Among the lines below, keep only those from the one containing "Nyumba ya vyumba" through the one containing "Polypropylene Plastic Bath Mat, Brown", and reproduce them exactly.
START Data supplied
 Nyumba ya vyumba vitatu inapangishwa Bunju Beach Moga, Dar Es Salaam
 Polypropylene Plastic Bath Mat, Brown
END Data supplied
START Data supplied
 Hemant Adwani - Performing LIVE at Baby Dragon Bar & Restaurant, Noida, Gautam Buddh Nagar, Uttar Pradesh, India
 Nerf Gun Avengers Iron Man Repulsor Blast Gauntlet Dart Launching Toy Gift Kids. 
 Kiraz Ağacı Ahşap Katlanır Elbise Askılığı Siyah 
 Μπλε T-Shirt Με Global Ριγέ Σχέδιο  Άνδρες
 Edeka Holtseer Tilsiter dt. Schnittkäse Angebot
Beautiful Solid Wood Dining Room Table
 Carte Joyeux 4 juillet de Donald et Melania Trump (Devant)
END Data supplied
◆ **Reply**:
 Nyumba ya vyumba vitatu inapangishwa Bunju Beach Moga, Dar Es Salaam
 Polypropylene Plastic Bath Mat, Brown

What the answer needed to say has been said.